Exercise requirements |
Your answer must be the lines from the one containing "Apricot Damen Rock in braun - Länge: midi" through the last line of the records below, copied exactly, with the pictures left out.
Given records Block Start
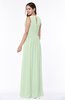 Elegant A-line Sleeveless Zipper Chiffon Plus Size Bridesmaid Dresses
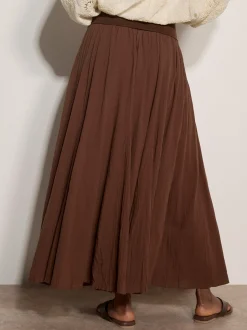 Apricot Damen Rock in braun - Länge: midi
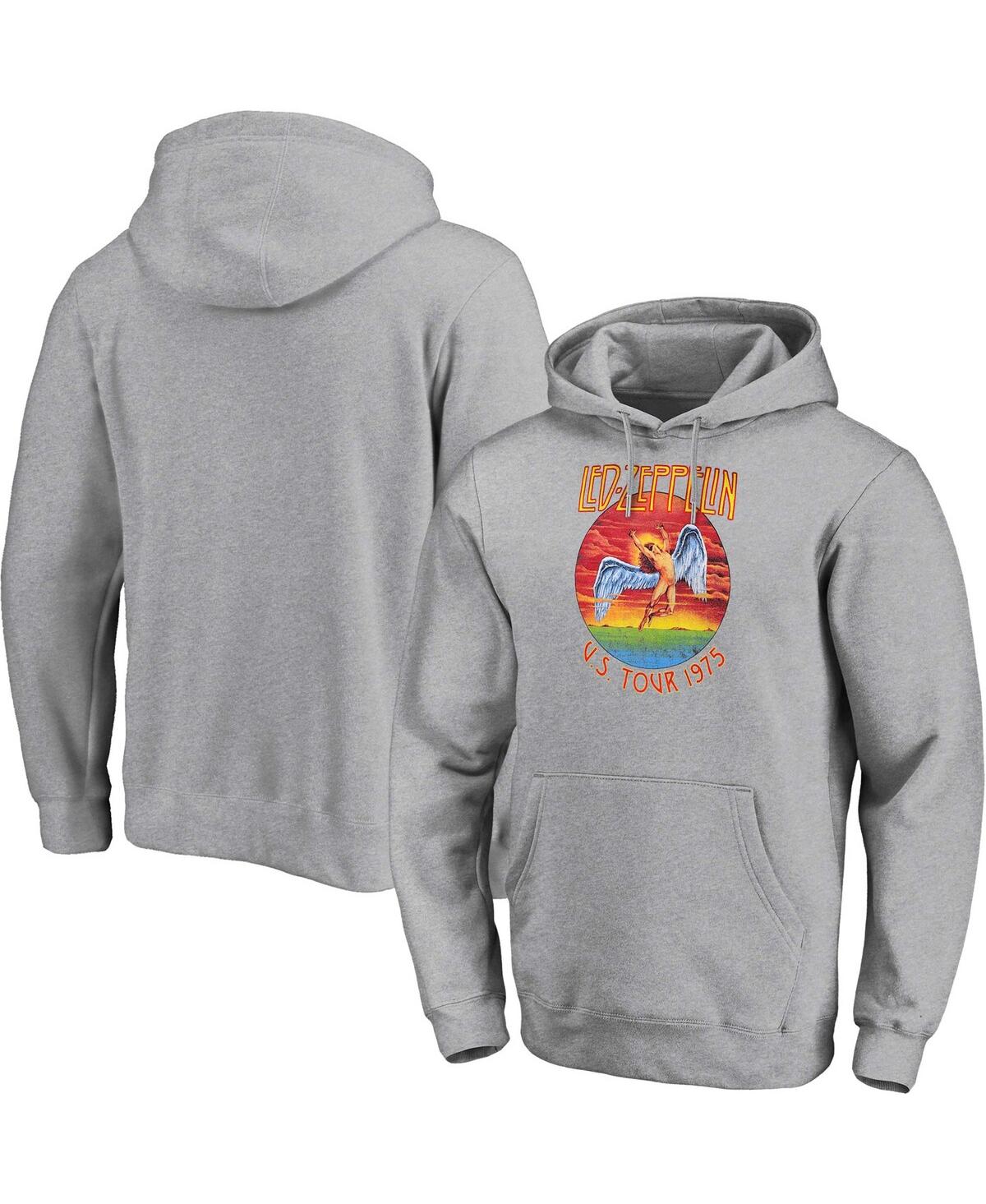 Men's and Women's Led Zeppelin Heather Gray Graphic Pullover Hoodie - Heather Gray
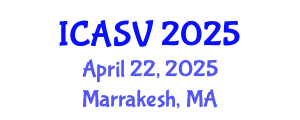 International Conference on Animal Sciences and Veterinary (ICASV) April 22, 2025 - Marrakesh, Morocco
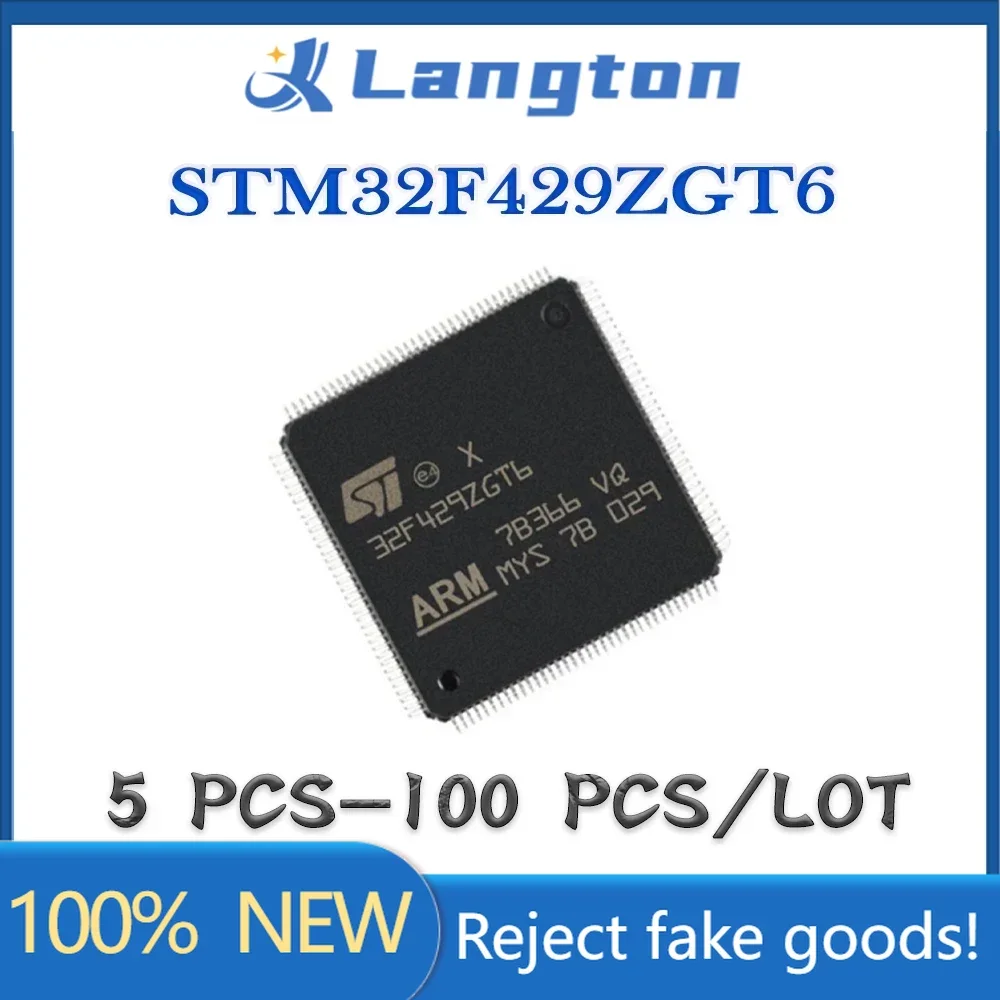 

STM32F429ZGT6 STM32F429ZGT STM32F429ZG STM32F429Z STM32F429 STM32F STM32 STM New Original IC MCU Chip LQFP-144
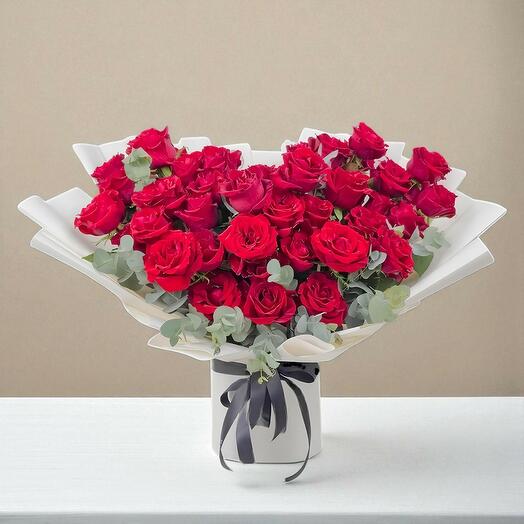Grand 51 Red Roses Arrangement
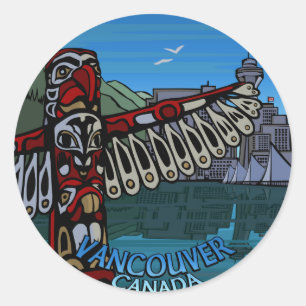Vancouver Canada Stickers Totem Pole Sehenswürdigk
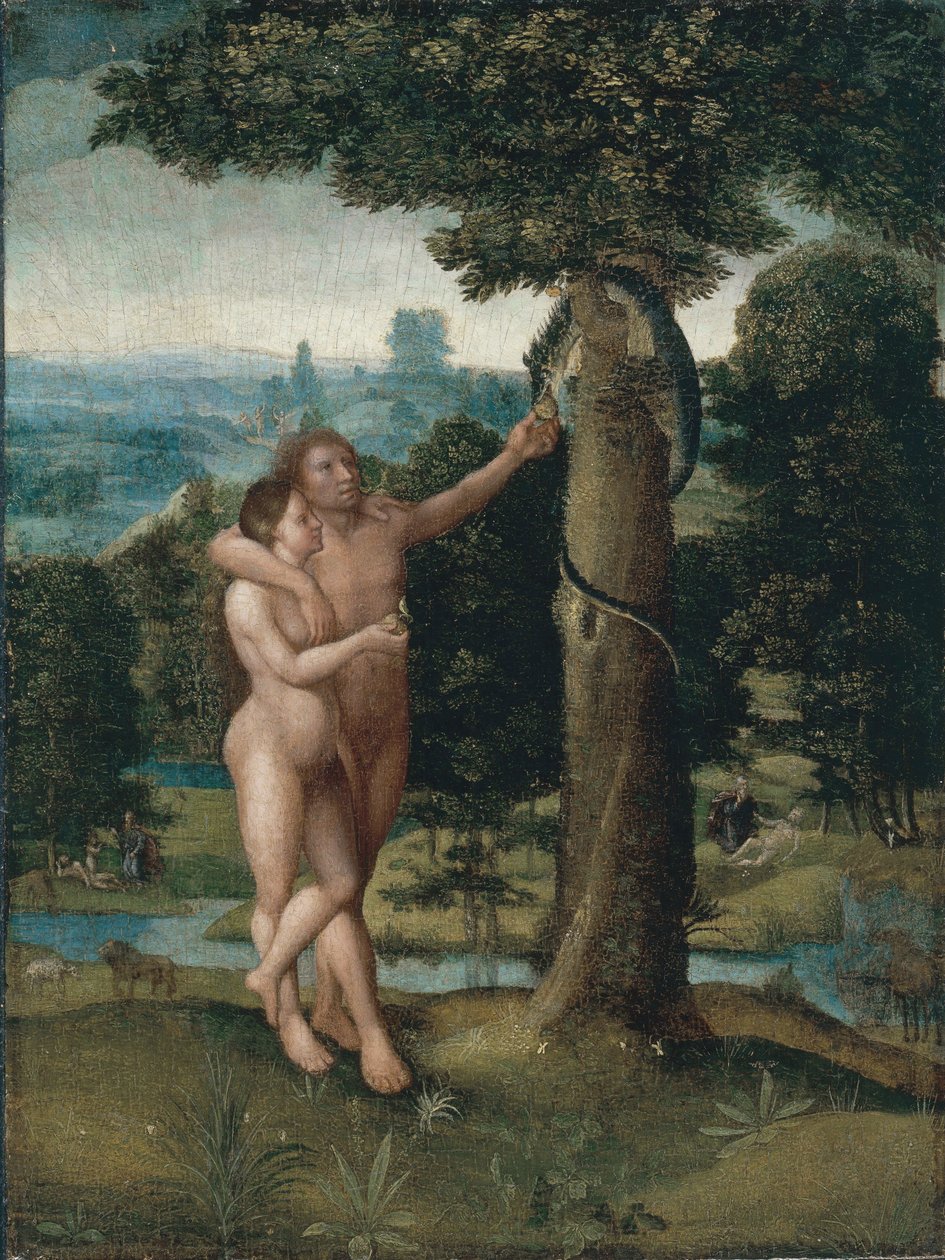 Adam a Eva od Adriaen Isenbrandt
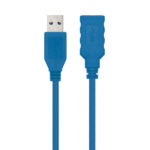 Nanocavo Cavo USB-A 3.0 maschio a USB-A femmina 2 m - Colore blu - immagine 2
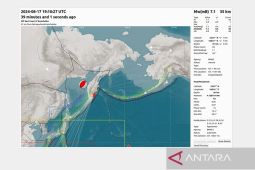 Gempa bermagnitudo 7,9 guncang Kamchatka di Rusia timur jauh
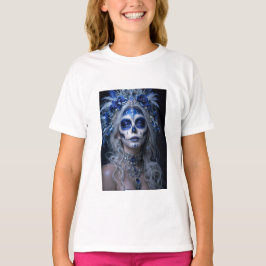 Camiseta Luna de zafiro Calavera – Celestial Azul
Given records Block End
Written response |
 Apricot Damen Rock in braun - Länge: midi
 Men's and Women's Led Zeppelin Heather Gray Graphic Pullover Hoodie - Heather Gray
 International Conference on Animal Sciences and Veterinary (ICASV) April 22, 2025 - Marrakesh, Morocco

STM32F429ZGT6 STM32F429ZGT STM32F429ZG STM32F429Z STM32F429 STM32F STM32 STM New Original IC MCU Chip LQFP-144
Grand 51 Red Roses Arrangement
Vancouver Canada Stickers Totem Pole Sehenswürdigk
 Adam a Eva od Adriaen Isenbrandt
 Nanocavo Cavo USB-A 3.0 maschio a USB-A femmina 2 m - Colore blu - immagine 2
 Gempa bermagnitudo 7,9 guncang Kamchatka di Rusia timur jauh
 Camiseta Luna de zafiro Calavera – Celestial Azul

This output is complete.